Pero en Francia se entierra mejor

Haría tiempo que del complejo de Les Invalides se hubiera exhumado a Napoleón y a los demás

Dicen que en España se entierra muy bien, pero en Francia se entierra mejor. A Jean-Paul Belmondo lo condujeron a hombros de los militares hasta su tumba en el panteón de Les Invalides con música de Ennio Morricone y una ceremonia solemne, acorde con uno de esos países que se toman a sí mismos medianamente en serio.

Me imagino cómo hubiera sido el entierro de Belmondo en España, después de un debate de calado sobre si había que ponerle o no la bandera española sobre el féretro y, sobre todo, qué bandera había que ponerle. Arreciaría la polémica sobre multitud de cosas, por ejemplo sobre si el Gobierno se estuviera apropiando de la figura de un actor de su talla cuando no atiende las demandas laborales de los demás y en la entrada, sobre los micrófonos de la prensa, se habrían sentado las posiciones del clásico debate entre subvenciones al cine sí o no, el «No a la guerra» o cualquier cosa que en ese día quisiera poner de relieve la cultura abajofirmante y comprometida. Haría tiempo que del complejo de Les Invalides se hubiera exhumado a Napoleón y a los demás y se hubiera convertido el edificio que mandó construir Luis XIV en un centro de interpretación de los horrores del absolutismo.

La última vez que escuché La Marsellesa en vivo fue en los toros en el circo romano de Arlés. Había pintado el ruedo Hervé di Rosa con sus toreros ciclópeos. La emprendieron porque toreaba Juan Bautista y entre toro y toro saltaron dos antitaurinos a impedir el rito sacrificial de la corrida.
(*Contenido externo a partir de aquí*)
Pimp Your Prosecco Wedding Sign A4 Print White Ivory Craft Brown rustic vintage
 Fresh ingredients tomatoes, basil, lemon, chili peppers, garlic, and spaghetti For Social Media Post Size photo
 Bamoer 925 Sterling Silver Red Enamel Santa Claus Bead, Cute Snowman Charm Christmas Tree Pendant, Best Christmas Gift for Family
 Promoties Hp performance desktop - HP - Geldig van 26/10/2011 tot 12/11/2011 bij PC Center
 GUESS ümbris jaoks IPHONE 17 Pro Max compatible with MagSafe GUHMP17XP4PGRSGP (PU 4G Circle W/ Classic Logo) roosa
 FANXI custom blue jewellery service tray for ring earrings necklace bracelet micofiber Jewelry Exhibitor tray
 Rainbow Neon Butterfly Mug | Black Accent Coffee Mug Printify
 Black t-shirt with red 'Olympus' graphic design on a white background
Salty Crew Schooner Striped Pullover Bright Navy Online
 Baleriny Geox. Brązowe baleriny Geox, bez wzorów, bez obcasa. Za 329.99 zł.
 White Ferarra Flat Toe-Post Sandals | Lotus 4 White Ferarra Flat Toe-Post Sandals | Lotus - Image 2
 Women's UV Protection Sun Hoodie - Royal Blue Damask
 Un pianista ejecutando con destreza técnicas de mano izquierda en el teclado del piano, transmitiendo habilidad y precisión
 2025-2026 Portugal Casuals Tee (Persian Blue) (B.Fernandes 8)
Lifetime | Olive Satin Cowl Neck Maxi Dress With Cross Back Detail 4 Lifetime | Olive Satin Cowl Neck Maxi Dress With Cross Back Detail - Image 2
Justo en el momento en el que eran detenidos por la policía, de pronto el público de la plaza comenzó a cantar su himno espontáneo y la banda le siguió. Un torero español que me acompañaba habló de la envidia que sentía por aquel pueblo tan patriota. Yo creo que el error de apreciación que se comete sobre «La Marsellesa» es que se considera un himno patriótico, cuando es un himno que representa a la ciudadanía y encarna una patria en cuanto encarna unos valores, en aquel caso que no vinieran dos zangolotinos a reventar lo que otros querían vivir en «liberté».

Mi abuela Elena, que nació en las minas de San Platón en Almonaster La Real, con cuatro años y en plena primera guerra mundial, soñaba despierta que los tanques alemanes se abrían paso entre las jaras de la sierra de Huelva. Me lo contó con más de cien años, recordando aquellos días en los que su padre Hubert y su tío Aristides salieron de allí a pelear en la guerra por defender su país. Hubert volvió y Aristides se quedó en Ypres, en Bélgica, «enterrado bajo una cruz blanca con su nombre» según la carta que envió su capitán a su viuda, María Echeverría. En otra carta, su sargento contaba que el teniente Banastier era bromista y que rápidamente se hizo con el favor de la tropa gracias a su ánimo y su buen humor, y que murió entre grandes dolores después de ser alcanzado por un trozo de metralla en una contraofensiva de los alemanes. Desconozco cuánto miedo pasó aquel día, pero sé que en su última misiva «camino de una misión peligrosa» se despedía de su familia y a su esposa le pedía paciencia: «María, algún día Dios volverá a juntarnos» y a los suyos les hacía otra demanda: «No me olvidéis nunca», y a día de hoy, no le hemos olvidado. Cuando en casa se escucha «La Marsellesa», seguimos pensando en él.